__About this exercise__
Where the data below shows a picture, leave that picture out and copy the rest exactly.
☆ ☆ ☆ ☆ ☆ ☆ ☆
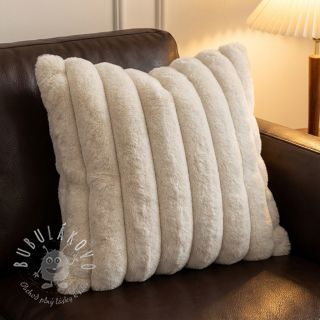 Umelá kožušina Barracuda ecru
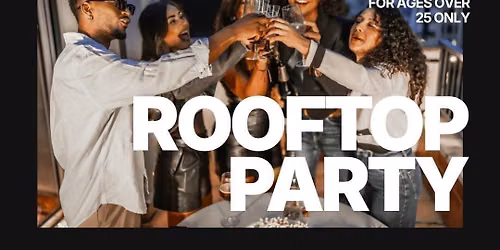 Thursday | Singles Rooftop Summer Party | Newcastle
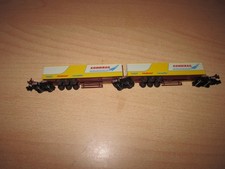 Minitrix Wagon Rollende Landstrase  spur N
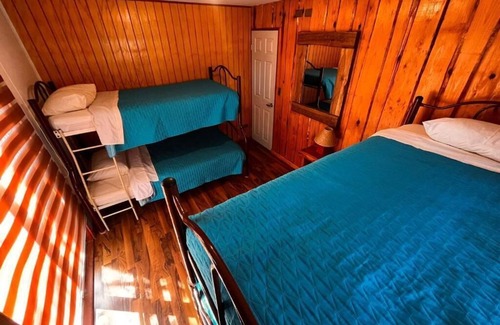 Pucon Hotel | Ruka Pucón Hostel-basic triple bed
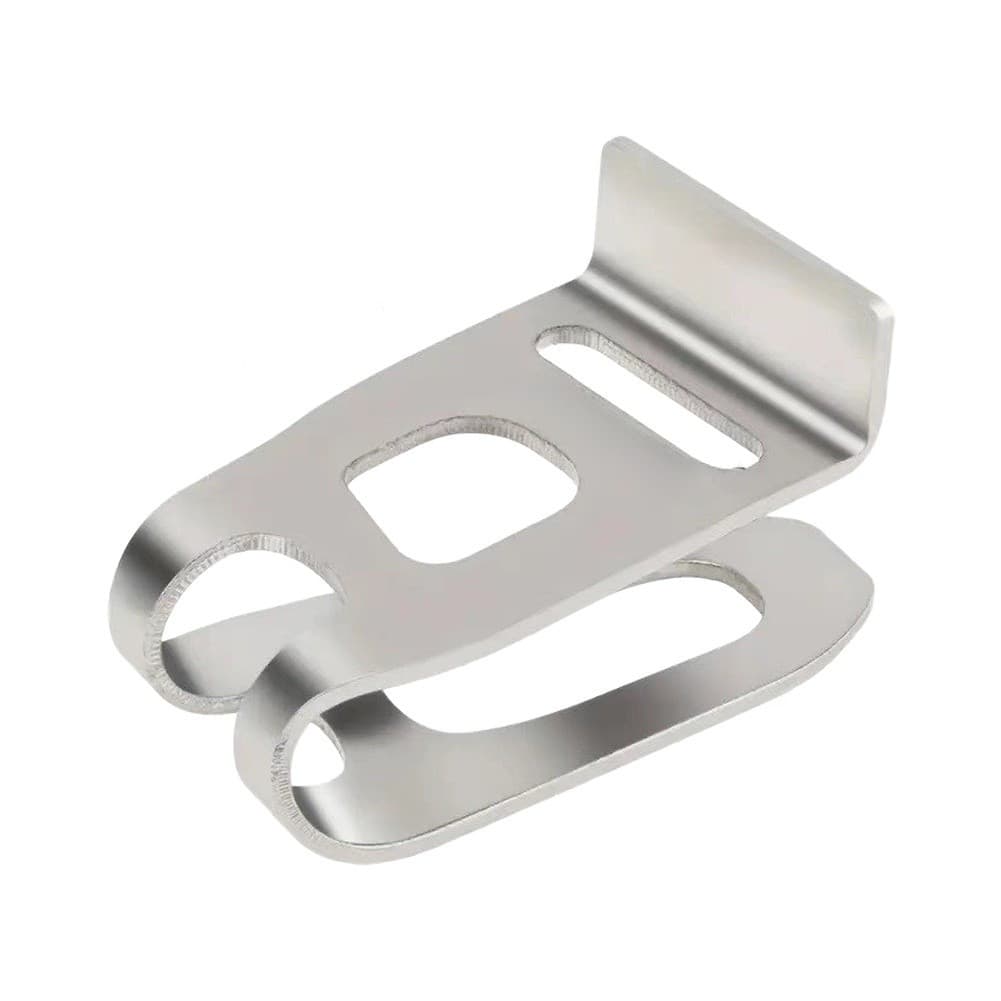 JTFY 10PCS 346449-3 Ganchos De Cinto Para Ferramentas Elétricas , De Perfuração De Aço Inoxidável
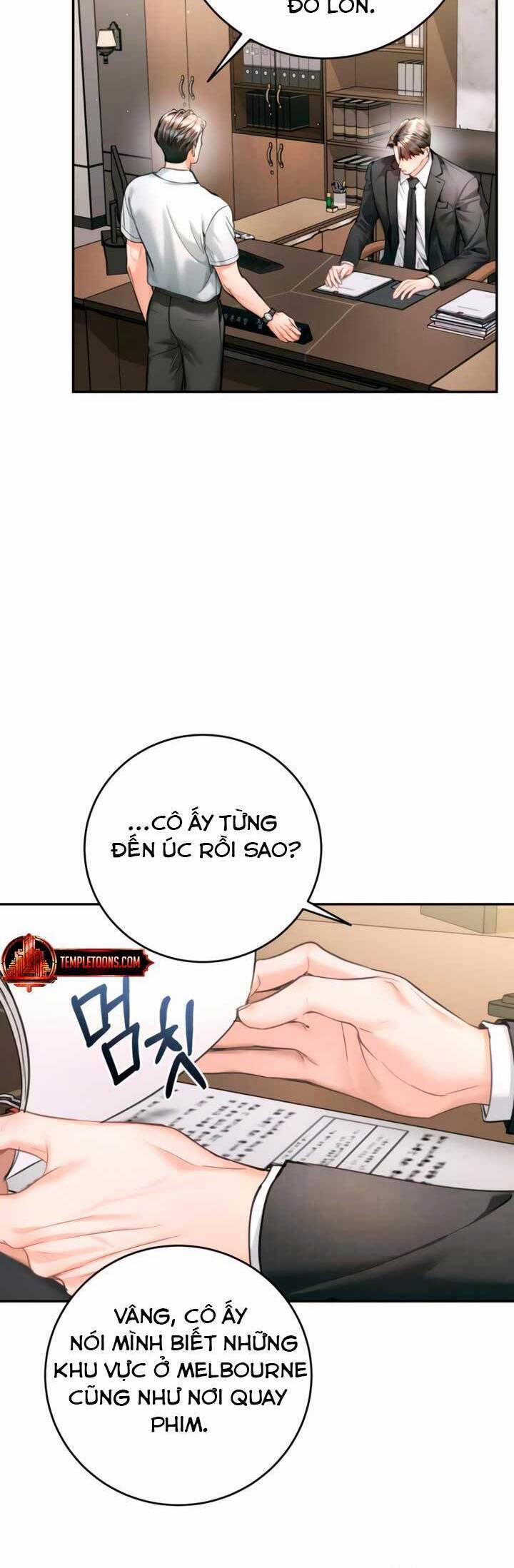 Đứa Trẻ Trông Giống Tôi 44 trang 67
☆ ☆ ☆ ☆ ☆ ☆ ☆
__Exercise solution__
 Umelá kožušina Barracuda ecru
 Thursday | Singles Rooftop Summer Party | Newcastle
 Minitrix Wagon Rollende Landstrase  spur N
 Pucon Hotel | Ruka Pucón Hostel-basic triple bed
 JTFY 10PCS 346449-3 Ganchos De Cinto Para Ferramentas Elétricas , De Perfuração De Aço Inoxidável
 Đứa Trẻ Trông Giống Tôi 44 trang 67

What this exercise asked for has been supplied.